- **Try it**:
Only the lines below from the one containing "Garnek żeliwny z" through the one containing "SAMOLOT - AIR" belong in the answer, set down exactly, with the pictures left out.

BEGIN Data provided

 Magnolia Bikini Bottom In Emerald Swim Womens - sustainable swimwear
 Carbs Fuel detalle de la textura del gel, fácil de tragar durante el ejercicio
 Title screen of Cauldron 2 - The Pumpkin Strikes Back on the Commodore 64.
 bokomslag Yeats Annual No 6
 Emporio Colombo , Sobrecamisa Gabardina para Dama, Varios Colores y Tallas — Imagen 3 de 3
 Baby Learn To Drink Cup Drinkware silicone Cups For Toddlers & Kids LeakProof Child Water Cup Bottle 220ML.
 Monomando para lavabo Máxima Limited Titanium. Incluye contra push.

END Data provided
BEGIN Data provided

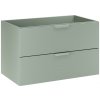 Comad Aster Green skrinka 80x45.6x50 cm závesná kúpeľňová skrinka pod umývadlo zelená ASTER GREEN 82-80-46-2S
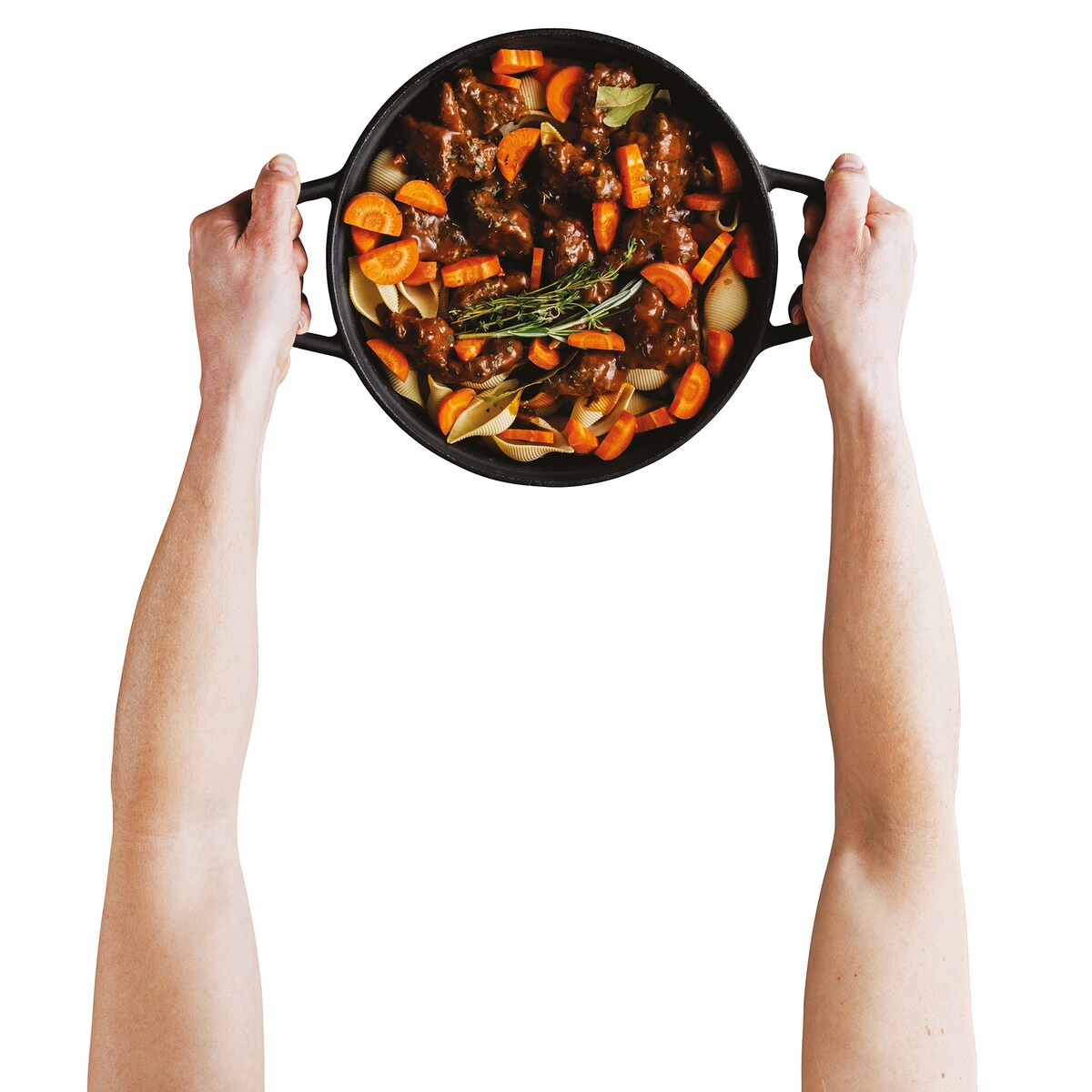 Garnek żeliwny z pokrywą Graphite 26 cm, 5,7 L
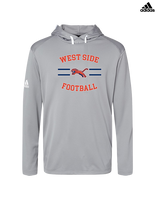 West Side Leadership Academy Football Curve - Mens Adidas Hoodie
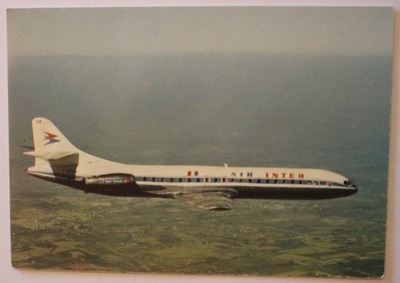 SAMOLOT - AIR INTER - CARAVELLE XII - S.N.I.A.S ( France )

END Data provided
BEGIN Data provided

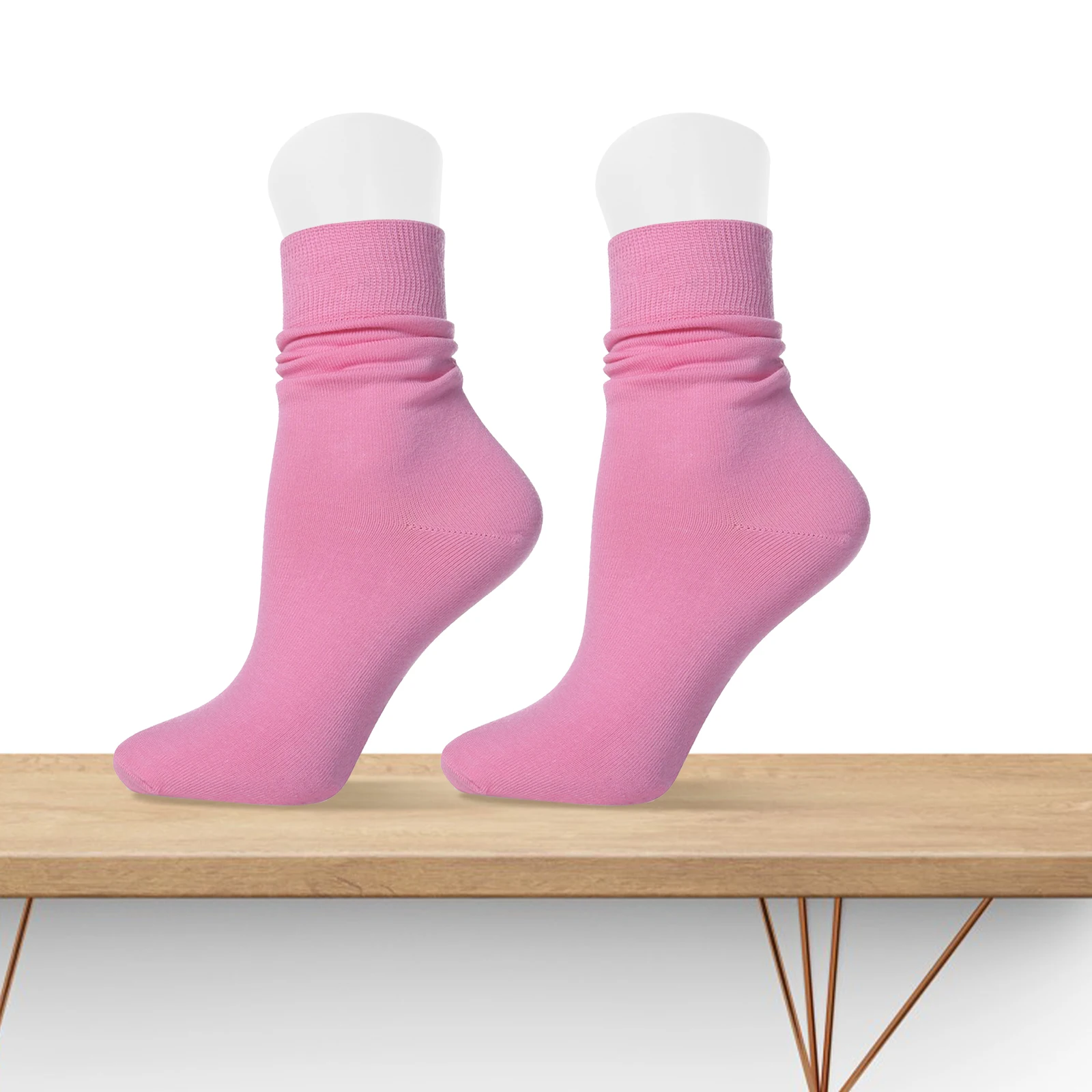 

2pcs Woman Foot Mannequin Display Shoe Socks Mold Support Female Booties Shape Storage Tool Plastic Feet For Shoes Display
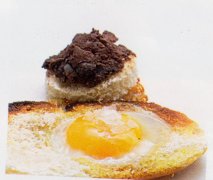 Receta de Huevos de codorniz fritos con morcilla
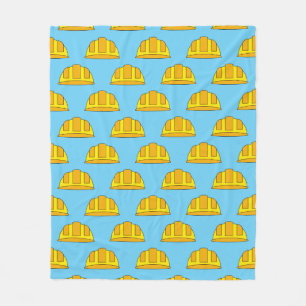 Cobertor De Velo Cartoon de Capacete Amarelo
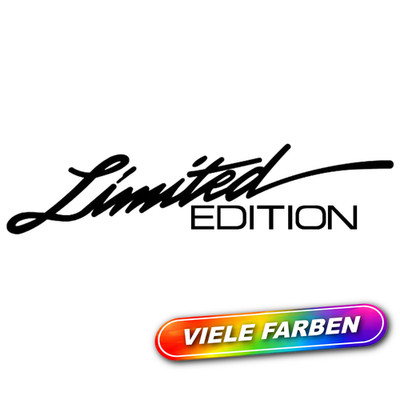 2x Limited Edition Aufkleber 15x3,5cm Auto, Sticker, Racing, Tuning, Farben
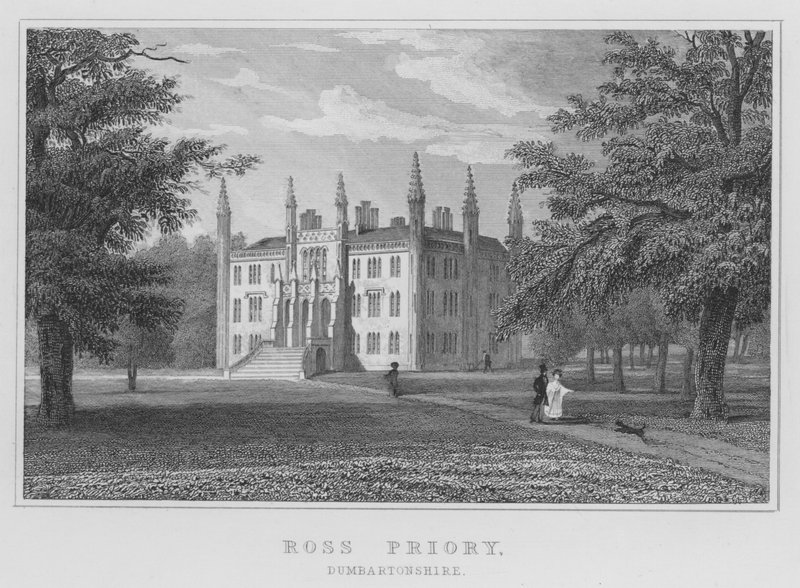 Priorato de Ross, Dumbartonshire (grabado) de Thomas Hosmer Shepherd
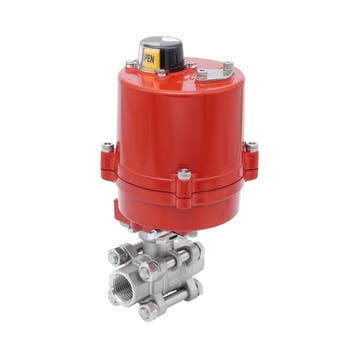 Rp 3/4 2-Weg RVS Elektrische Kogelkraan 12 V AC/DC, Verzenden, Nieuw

END Data provided

- **Task output**:
 Garnek żeliwny z pokrywą Graphite 26 cm, 5,7 L
 West Side Leadership Academy Football Curve - Mens Adidas Hoodie
 SAMOLOT - AIR INTER - CARAVELLE XII - S.N.I.A.S ( France )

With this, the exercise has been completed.